So I wrote a rather angry private email to Erik Wilde a few days ago, complaining about his use of the term “linked data” for a site that doesn’t follow the linked data practices. Erik decided to publish my email on his blog, along with a long defense of his use of the term, in a post called “The Linked Data™ Police”. Since it’s in public now, we can just as well see if we can get a useful discussion out of this.
First, I realize that Erik probably responded more to the tone of my email than to the content. It was an angry rant, and my tone misses the mark, so his response is fair enough, and I have apologised to him. I also have to say that I’m speaking only for myself and nobody else—before others become scared of the “Linked Data™ Police”, I can assure them that to the best of my knowledge, it has a staff of one, and my peers in the community are in general a friendly and civil lot.
The site in question. So, what is this about? Erik and team have built recovery.berkeley.edu, a site that publishes structured data about Recovery Act spending. The site was built with a grant from the Sunlight Foundation. The technologies of choice are Atom and various other XML formats. As far as I can see, it’s excellent in its adherence to REST principles, including good URI design and “hypermedia as the engine of application state”. These two together are labelled as “linked data” in the site’s technical documentation.
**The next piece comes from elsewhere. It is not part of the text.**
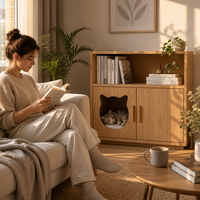 Table de chevet en bois pour chat, design cohabitation humain-animal, avec maisonnette cachée, meuble pour animaux de compagnie en pin massif pour salon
This is a discussion about names, and not about substance. At the very core is the following question: Should we understand “linked data” to mean “the idea of somehow connecting pieces of data with links”, or should we take it to mean “RDF published according to the rules outlined by Tim Berners-Lee in the design note that coined the term”?
Obviously, I’m of the latter opinion. In this post, I want to do two things: First, I want to respond to some specific points from Erik’s post. I will do this by paraphrasing each point, and then responding to it. Second, I want to explain why I care about the matter and why I think that “linked data” should continue to be associated with Tim’s rules, and why advocates of different sets of rules should use different terms.
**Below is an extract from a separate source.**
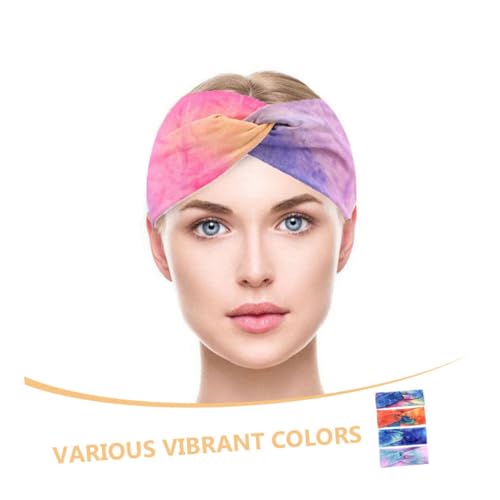 ELAYARD 4 Stück Teiliges Damen Sport Stirnbänder mit Batik design Elastische Yoga Haarbänder für Fitness Laufen und Workout Schweißabsorbierend Rutschfest Vielseitig Kombinierbar in von ELAYARD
Erik: “The attitude is scary: Instead of figuring out the most effective way of adding more semantics to the web, it starts with a set of technologies and claims that whatever you want to do, you have to use those.” Linked data didn’t start with a set of technologies; a lot of deliberation by a lot of people went into the choice. Also, I have no quarrel with Erik’s choice of technologies, and I didn’t even suggest that he should or shouldn’t use any technology. There can be good reasons against using RDF, and it’s a good thing that innovation continues in other areas of web data technology.
But if Erik and colleagues don’t buy into the set of technology choices commonly called “linked data”, then why would they insist on using that name? What’s wrong with the established technical terms, REST and Resource-oriented Architecture? Is it just because those are already way past the peak of the hype cycle?
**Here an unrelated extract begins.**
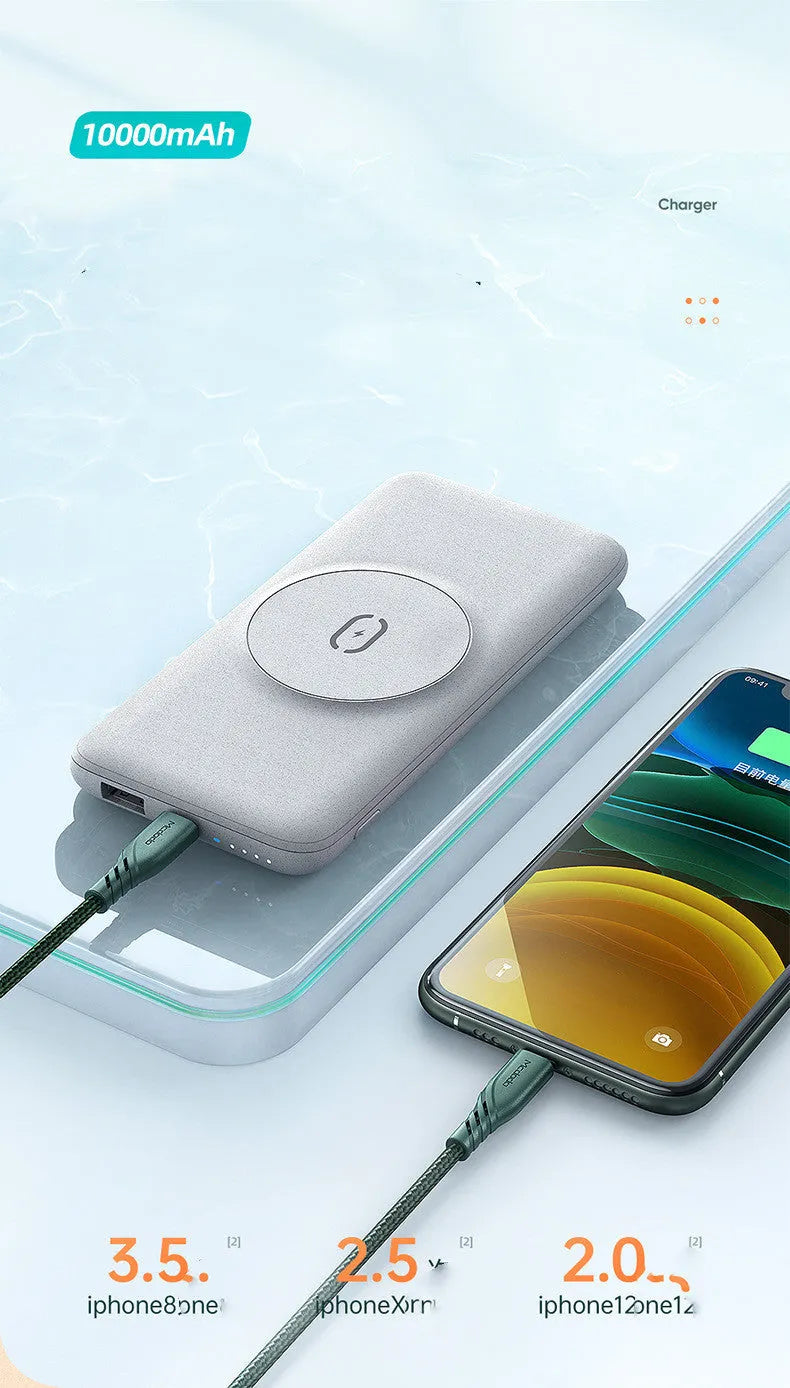 Maiduo MagSafe magnetic wireless charging power bank in mint green with 10000mAh capacity and 20W fast charging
Erik: “Using generic problem names to refer to specific technologies only confuses people.” Erik mentions Linked Data, XML Schema, Semantic Web and Web Services as specific technologies that he considers to be badly labelled. But the peculiar thing about those four is not their names; they are controversial for other reasons. The IT world is full of specific technologies that use generic names: World Wide Web. Structured Query Language. Extensible Markup Language. Hypertext Transfer Protocol. Portable Document Format. Resource-Oriented Architecture. Scalable Vector Graphics. Open Document Format. Erik may not like it, but it’s a common practice.
Erik: “Choosing such names is usually an attempt to make competition harder.” Usually? I doubt that. Technologies are named in their very infancy, when their future and success is far from certain, and when competition is usually not an issue. The naming is usually an attempt to communicate as clearly as possible what the proposed technology is supposed to achieve, which is not a bad thing at all. Some fail at achieving the goal, but everyone designs (and names) assuming that it can be eventually achieved.
Erik: “RDF is just a stylesheet away.” Erik points out that it would be trivial to create a GRDDL transform that translates from the service’s output to RDF. Personally I wouldn’t call it trivial, and being just one transformation away from being compatible is not the same as being compatible. If there were GRDDL transforms in place, I would have no reason at all to complain, although just a few linked data clients support GRDDL at this time.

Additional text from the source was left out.